Exercise instructions.
The following data is to be repeated exactly, its pictures excluded.

Data.
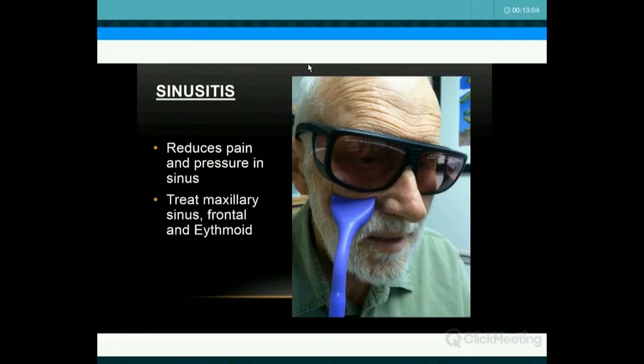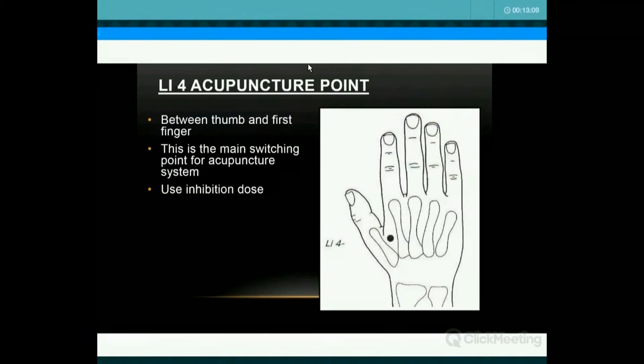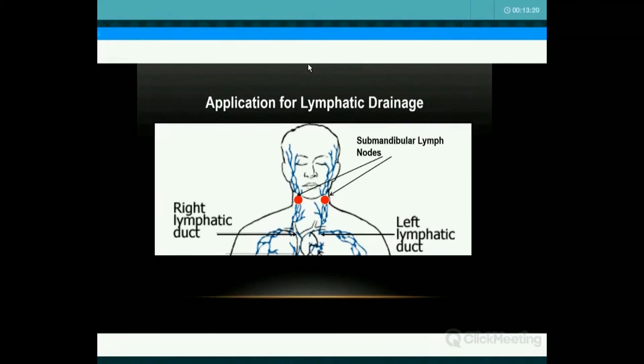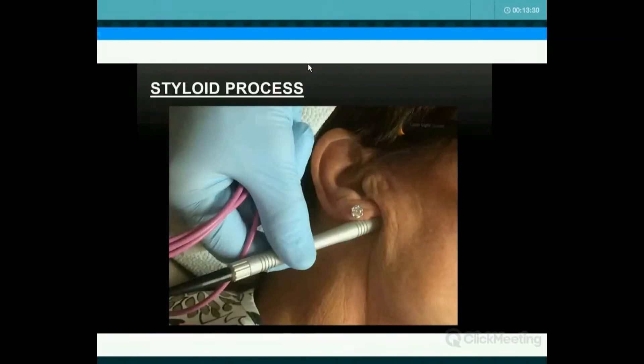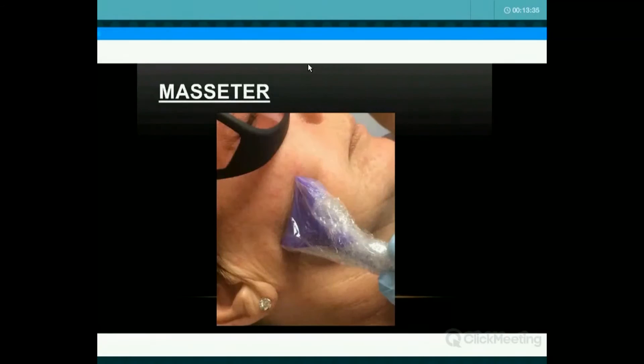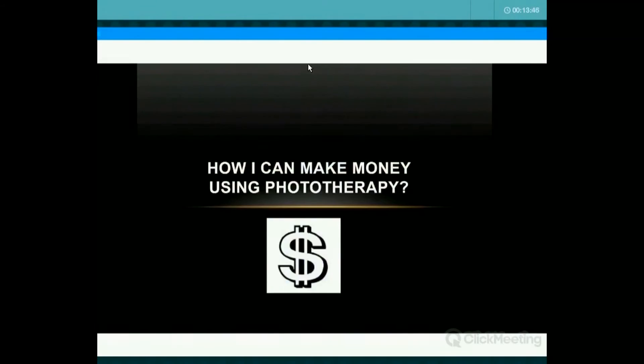For sinusitis, it's very effective — just treat the sinuses and also treat the lymphatic system. For TMJ, it's also very effective. First I treat the LI4 bilaterally — that's between the thumb and the first finger — using inhibition dose. Then I treat the lymphatic system, always at the stimulation dose. Then we treat the different muscle areas: the TMJ joint itself, the styloid where the joint capsule is — this is very sensitive in a lot of patients — and the masseter along the zygomatic arch to the angle of the jaw. Then temporalis, along the muscle wherever you find it's sore.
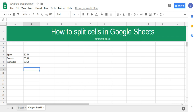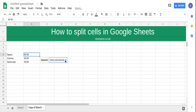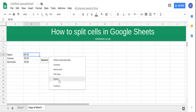In this video, we're going to take a look at how to split cells in Google Sheets. So in this example, we have two numbers separated by a space, comma, and semi-colon. All we need to do is click the cell, click data, then click split text into columns, and then we're going to click space.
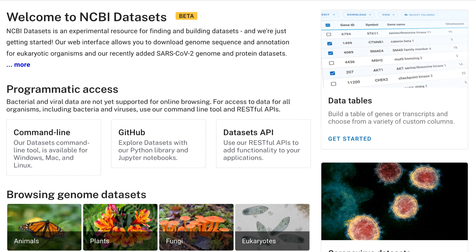This new resource supports intuitive and flexible access to genomes and genes for a broad range of taxa. We will introduce Datasets and provide a tutorial for both web and programmatic entry points. This Datasets homepage provides a description of the project and quick entry points to all data and services.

The answer.
For sinusitis, it's very effective — just treat the sinuses and also treat the lymphatic system. For TMJ, it's also very effective. First I treat the LI4 bilaterally — that's between the thumb and the first finger — using inhibition dose. Then I treat the lymphatic system, always at the stimulation dose. Then we treat the different muscle areas: the TMJ joint itself, the styloid where the joint capsule is — this is very sensitive in a lot of patients — and the masseter along the zygomatic arch to the angle of the jaw. Then temporalis, along the muscle wherever you find it's sore.
In this video, we're going to take a look at how to split cells in Google Sheets. So in this example, we have two numbers separated by a space, comma, and semi-colon. All we need to do is click the cell, click data, then click split text into columns, and then we're going to click space.
This new resource supports intuitive and flexible access to genomes and genes for a broad range of taxa. We will introduce Datasets and provide a tutorial for both web and programmatic entry points. This Datasets homepage provides a description of the project and quick entry points to all data and services.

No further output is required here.